Widok
Nie polecam
Samochód był oddany brz uszkodzeń w celu usunięcia rdzy lotnej na listwie nad tylną klapą i na pomalowanie samej klapy.Jak sie okazało aby pomalować listwe trzeba bedzie tez pomalować na nowo oba tylne błotniki, zgodziłem sie.

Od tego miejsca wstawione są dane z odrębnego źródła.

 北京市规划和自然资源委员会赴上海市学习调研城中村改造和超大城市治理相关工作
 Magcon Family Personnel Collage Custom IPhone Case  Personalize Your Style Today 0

Nie cały rok po lakierowaniu na błotniku wyszła w jednym miejscu rdza (bąble) i na rancie przy klapie na załamaniu lakieru, oprócz tego na klapie od wewnątrz (!) zrobiły sie bąble.Po telefonie powiedziano mi zebym sie nie przejmował, że zostanie naprawione na gwarancje, po przyjeździe na oględziny właściciel stwierdził, że nie pamięta mojego samochodu a nawet jeśli to nie malowali mi błotników tylko cieniowali (zapłaciłem za malowanie) i ewentualnie może rzucić okiem ale jeżeli okaże sie że pod bąblami jest rdza to naprawa będzie na mój koszt (do reszty tej fuszerki się nie odniósł).Na kolejną naprawe nie pojechałem, tym razem wybrałem specjalistów.Lakiernicy z tego warsztatu byli na tyle leniwi, że nie chciało im się odkręcić zamka tylnej klapy tylko częściowo go zamalowali, odradzam ten warsztat każdemu, szkoda pieniędzy, czasu (2 tygodnie bez samochodu bo 'coś wyskoczyło' i nerwów).
Moja ocena
MRCAR Żarlińscy
kategoria: Usługi blacharsko-lakiernicze
jakość usług: 1
czas realizacji: 2
przystępność cen: 1
ocena ogólna: 1
1.2
* maksymalna ocena 6
Odpowiedź obiektu
Panie Kubo przykro mi stwierdzić ze pisze pan nieprawdę. Zlecił nam Pan polakierowanie klapy tylnej i cieniowanie błotników tylnych . Cieniowane to wg technologii oznacza przelakierowanie, a nie czyszczenie, szpachlowanie itp . Jeśli po zimie wychodzi na elementach rdza to niesłusznie ma Pan pretensje do warsztatu . Poza tym klapa już wtedy nadawała się do wymiany, ale na Pana prośbę została naprawiona Proszę być obiektywnym i opisać rzeczywisty stan rzeczy.